An Italian Youth
1h 21m
Sokuro emigrated from Burkina Faso fifteen years earlier and lives in a town in northern Italy with his father and his little brother Nassir. Sokuro decides to visit his mother, who still lives in their native village; he then marries young Guienne, and thus restores a bond with his own origins. However, right after the wedding, Sokuro is obliged to come back to Italy to keep his job. While his wife waits for the money and documents to be in order to join him in the “pays des blancs,” he goes back to his work and family routine. Sokuro lives as a foreigner in a land that has seen him grow up. It is the beginning of a tormented long-distance relationship in which the lives of the young husband and wife are torn between the hopes of immigration and the contradictions of rural traditions.

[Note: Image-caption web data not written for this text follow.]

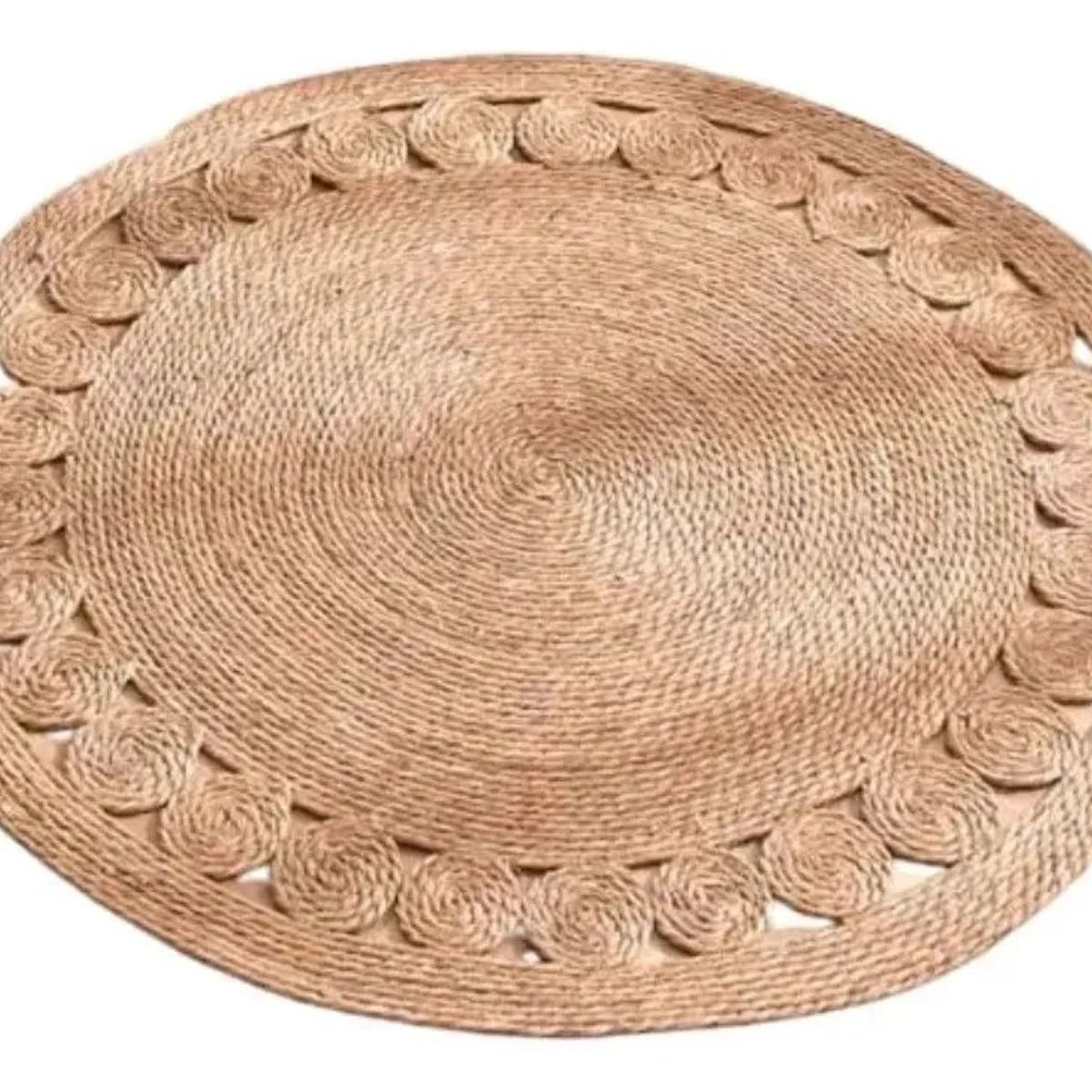 GENERICO - Alfombra Yute Fibra Natural Redonda 120 Cm Decoración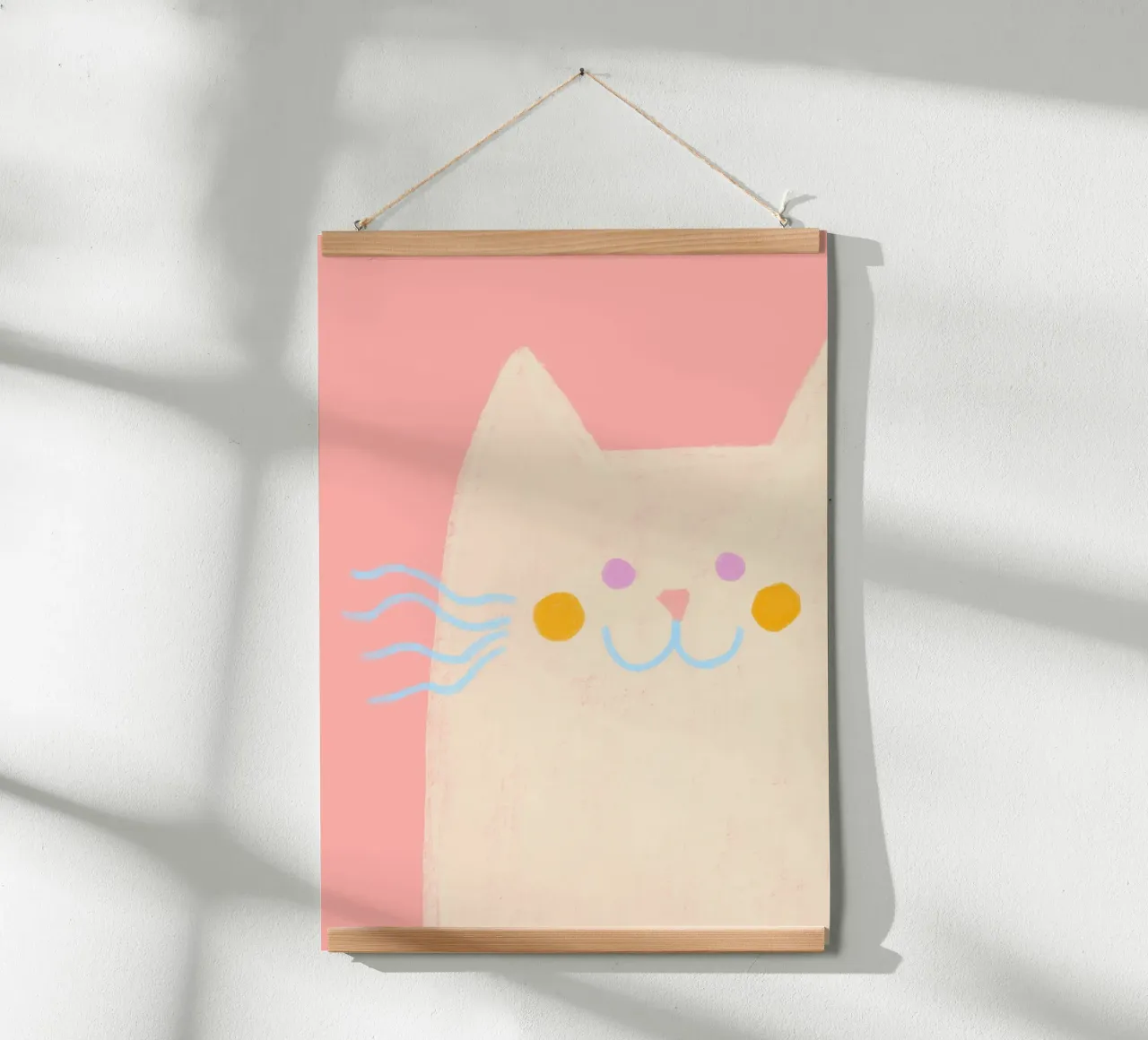 Poster rosa con faccia di gatto minimalista poster da vintagepod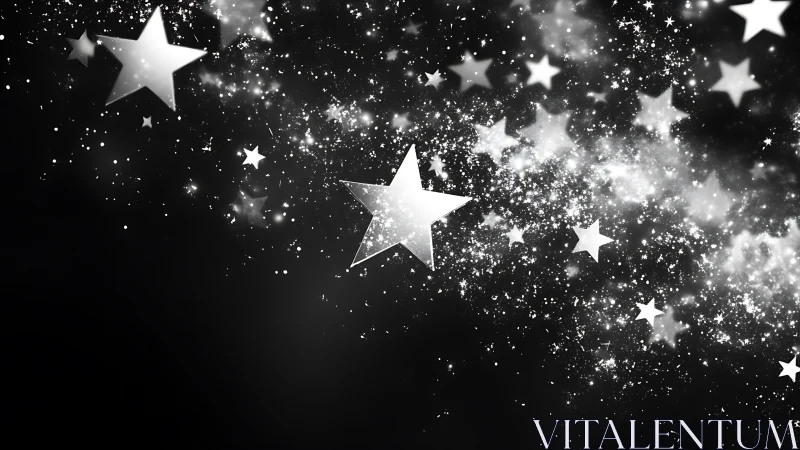 Monochrome field of stylized stars on a dark gradient background.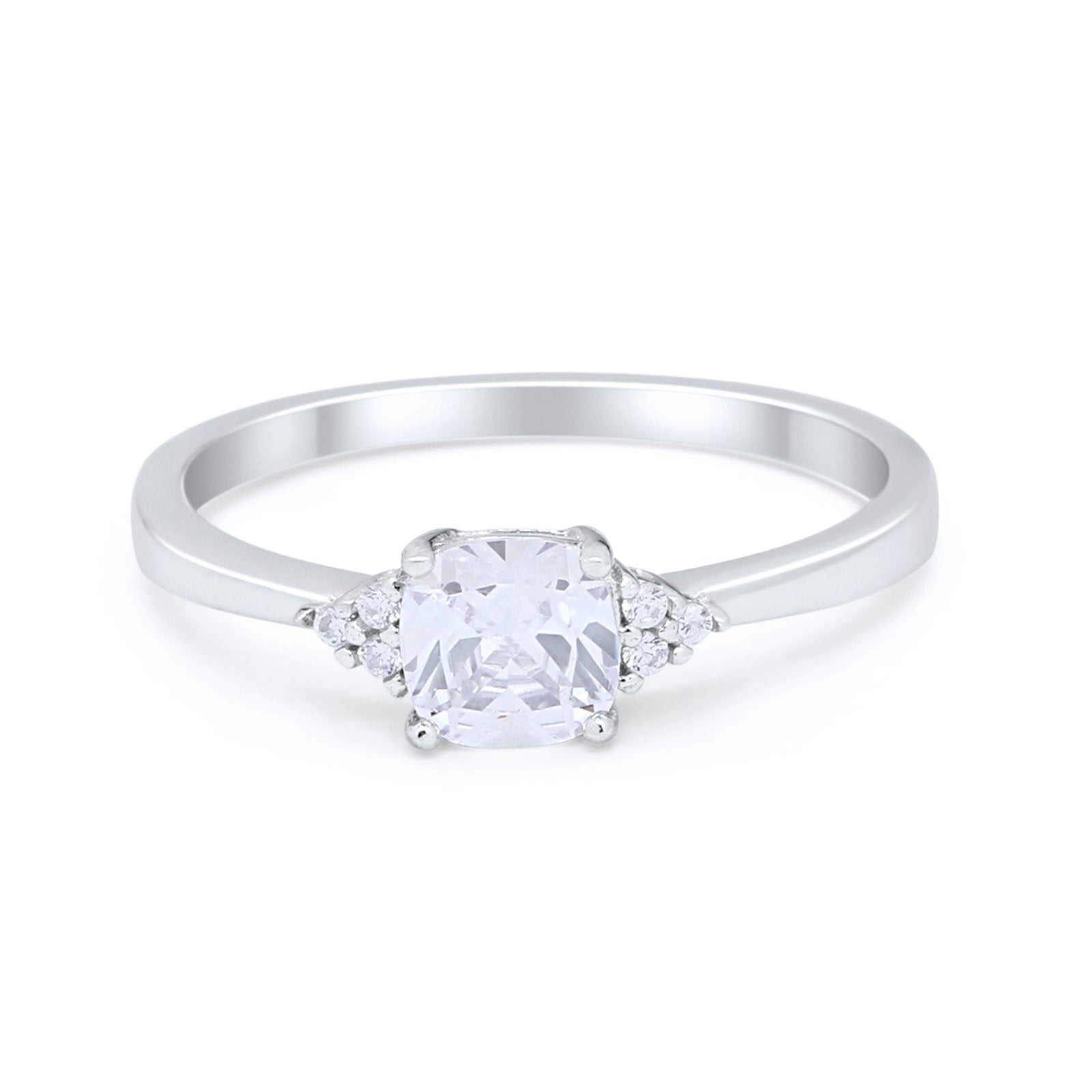 Cushion Cut Art Deco Wedding Engagement Ring Round Cubic Zirconia 925 Sterling Silver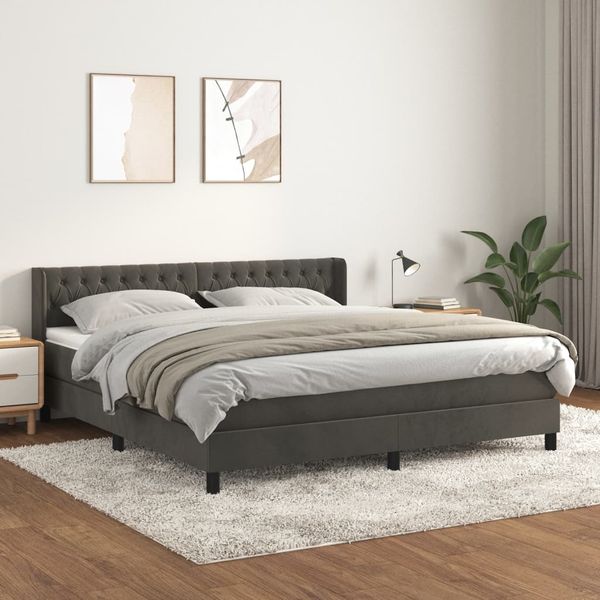 vidaXL Posteľný rám boxspring s matracom tmavosivý 160x200 cm zamat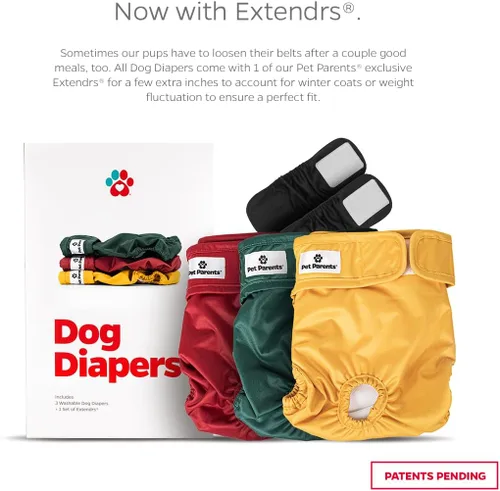 Miniatura 2 de Pet Parents® Pañales lavables para perros (paquete de 3) + Extendrs® de pañales duraderos para perros, pañales premium para perros hembra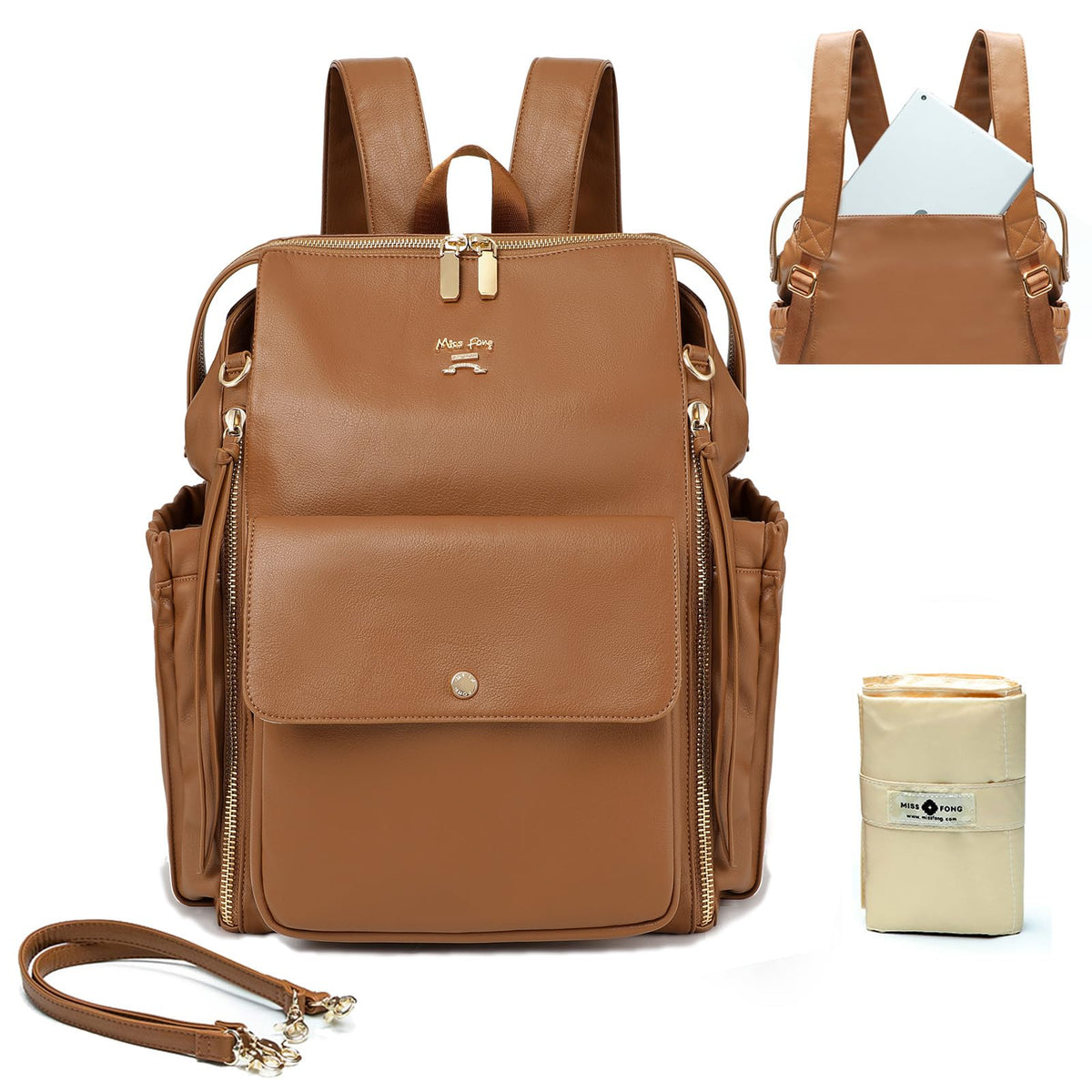 miss fong Diaper Bag Backpack Baby Diaper Bag for Girls and Boys, Leather Purse with 13 Pockets Diaper Bag Organizer,Changing Pad,Stroller Straps,4 Insulated Pockets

Mathieu Volpe, film director invites us to follow Sokuro over a long period of time. Through a few key moments in the love story between Sokuro and Nassira, he offers another perspective on economic migration, which through this embodied representation takes on a more intimate quality. Regret, nostalgia and lack are the side effects of these reluctant exiles, done out of necessity rather than desire, that are too often kept in the shadows. By offering faces and bodies to a current topic, by embodying it and taking the time to explore its complexity, documentary cinema allows to deepen our reflection; Sokuro and Nassira’s contradictory yet profoundly human aspirations as well as their story is superimposed over the media narratives around the subject, enriching and humanising them.